Mahkemeleri
her ay oluyordu. Bazen birkaç ay ileriye tarih atabiliyorlardı. İlk önceleri
düzeni bozmalarından dava açılmıştı. Sonra düşünce suçuna dönmüştü.
Düşünce
suçuna düşse de, bir kere adı çıkmıştı. Onu tanıyanlar ona başka gözle bakmaya
devam ediyorlardı. O ise yaşadıklarını yazıya dökerek rahatlıyordu. Bir
anlamıyla yazılara tutunuyordu. Okuduklarıyla, yazdıklarıyla moral buluyordu.
F
Harfi Dört Duvar’da şiirin yanı sıra öykü çalışması da yapıyordu. Ailesinin
getirdiği kitaplar haricinde idarenin kütüphanesinden okumak için kitap
alıyordu. Kitap almak dilekçe yazarak oluyordu. ‘Makamına makamına…’diye
başlıyordu.
Küçük
el arabasında İç Güvenlikçi Yumuşak, aynı zamanda kütüphaneden sorumlu haftanın
bir gününde koğuş kapısına gelerek üç kitap bırakıyordu. Daha önce verdiği
kitapları geri alıyordu.
Kitapları
hızlıca okurken, etkisinde kalıyordu.
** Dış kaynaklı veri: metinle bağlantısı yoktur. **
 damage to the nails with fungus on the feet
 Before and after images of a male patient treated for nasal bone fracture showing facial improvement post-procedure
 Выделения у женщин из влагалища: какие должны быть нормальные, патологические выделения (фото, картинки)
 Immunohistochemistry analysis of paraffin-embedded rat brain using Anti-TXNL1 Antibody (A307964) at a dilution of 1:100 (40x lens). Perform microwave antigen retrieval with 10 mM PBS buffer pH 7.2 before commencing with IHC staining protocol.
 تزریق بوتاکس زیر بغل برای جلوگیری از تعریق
Bazen iyi biri ya da kötü biri yerine
kendisini koyuyordu. Havalandırmada volta atarken okuduğu kitabın içeriğine
göre düşünceden düşünceye yuvarlanıp gidiyordu.
İç
Güvenlikçiler onları ilk gördüklerindeki kötü düşünceyi bırakıp, yazar bir,
yazar iki koğuşu diye söylemeye başladılar. İlk gündeki katı tutumlarının
yerinde yeller esiyordu. İç Güvenlikçilerin içinde bulunanlardan bir kaçı:
“Hocam”
diye söylerdi.
Koğuş
aramaları olduğunda onun üzerinde ya da ona yakın İç Güvenlikçi içeride olurdu.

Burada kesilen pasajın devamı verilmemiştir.